■ Problem to solve:
Where the line containing "Antique Arts &" appears, start repeating, and continue exactly through the last line below, adding nothing. Include no pictures.

Extracted records:
>>

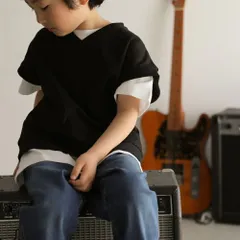 セール!! 新品未着用 未使用 [T2] ティーツー 【ベビー】裏毛Vネックベスト ベスト ベージュ ブラック 黒 無地 シンプル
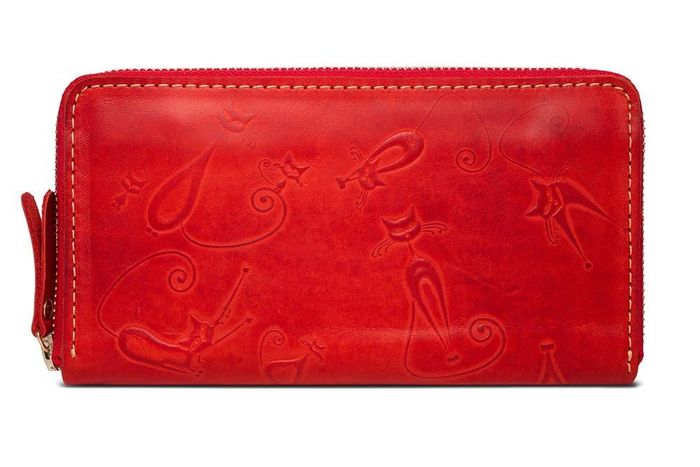 Жіночий шкіряний гаманець-клатч ручної роботи Gato Negro Discovery Catswill Red купити недорого в Ти Купи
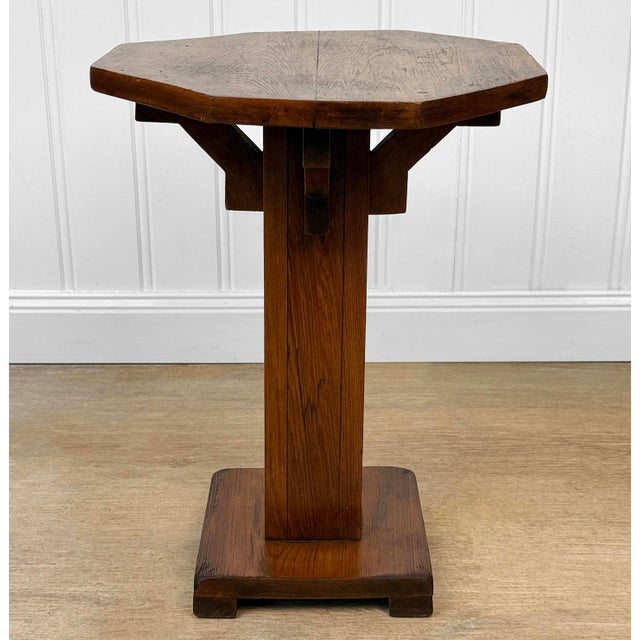 Antique Arts & Crafts Octagonal Plant Stand Pedestal Table For Sale - Image 4 of 7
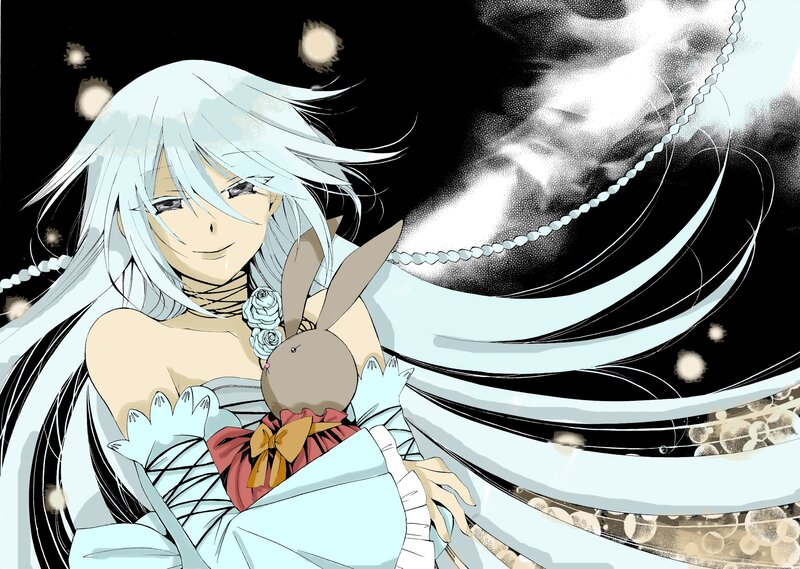 silver-haired character with rabbit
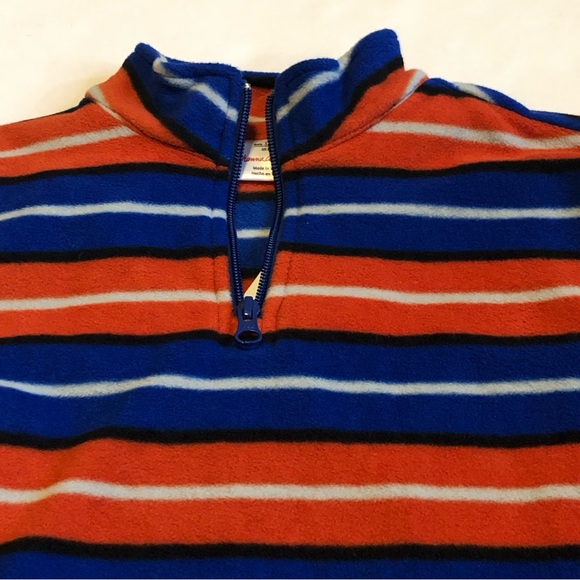 NWT Hanna Andersson Blue & Orange Stripe Pullover Fleece - Picture 2 of 9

<<

■ Task result:
 Antique Arts & Crafts Octagonal Plant Stand Pedestal Table For Sale - Image 4 of 7
 silver-haired character with rabbit
 NWT Hanna Andersson Blue & Orange Stripe Pullover Fleece - Picture 2 of 9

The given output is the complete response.